The massive street protests of last summer tore down Chief Mills fences against Food Not Bombs and the Cooper encampment next to the Post Office. But recent attempts to rouse the righteous have failed to contest the mass camp evictions of June 4th and June 21st along Highway 1.

Still, I believe it is only through such massive direct actions that there can be real changes in abusive police policy--which must begin with massive budget cuts.

Recalcitrant city politicians like "Mum's the Word" Meyers, the Santa Cruz Mayor, make a pretense of public exposure by appearing at white-heavy Juneteenth ceremonies while.continuing the closed bathroom polices at London Nelson Center, designed to weed out street and homeless folks.

Meanwhile Meyers cuts back public comment time for most, won't hold public meetings where the public can be physically present, refuses to divulge her public appearance schedule nor a record of the lobbyists who she meets with, declines critical interrogation by Free Radio, and prepares to vacation while thousands face eviction on July 1st.

FINAL FAREWELL TO THE HOMELESS AT AGENDA'S END
Homeless issues are usually mentioned in some detail in the City Manager's Report (but with no provision for public comment)--Item #11 on the Agenda. However it's like you'lll have to wait until the end of the Evening Agenda to hear the bad news. That's Updates on Recent Council Direction Related to Homelessness and the Camping Services and Standards Ordinance (CM), Item #46.

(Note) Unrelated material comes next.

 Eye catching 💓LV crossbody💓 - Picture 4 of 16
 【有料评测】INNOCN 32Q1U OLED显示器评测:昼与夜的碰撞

In line with the Council's "talk but don't act" practice, the Staff Report proposes outlandishly high costs for shelter and storage programs and ignores low-cost or no-cost campgrounds currently operating in the City. It dismisses without a word Brent Adams' successful Footbridge Services program, as well as the SC Homeless Union's campground proposals.

And--wouldn't you know it--out trot the tired costly-but-tiny regulars-- the barbed wire shadeless "Boneyard" at 1220 River St., and the distant Armory--options for a few hundred of the 1000+homeless outside. Lee Butler's bureaucrats again won't discussing particular proposals for shelter and storage, supposedly preconditions for implementing the harsh police-initiated Camping Ban.

With that Camping Ban in place and the Benchlands Injunction likely to be dissolved on June 29th, all the City Police need do is claim they have shelter for those they wish to "move on". Why bother with providing real operational facilities that actually answer the door, have real not "potential" space, and aren't simply providing brochures and waiting lists as part of their regular grant-grabbing.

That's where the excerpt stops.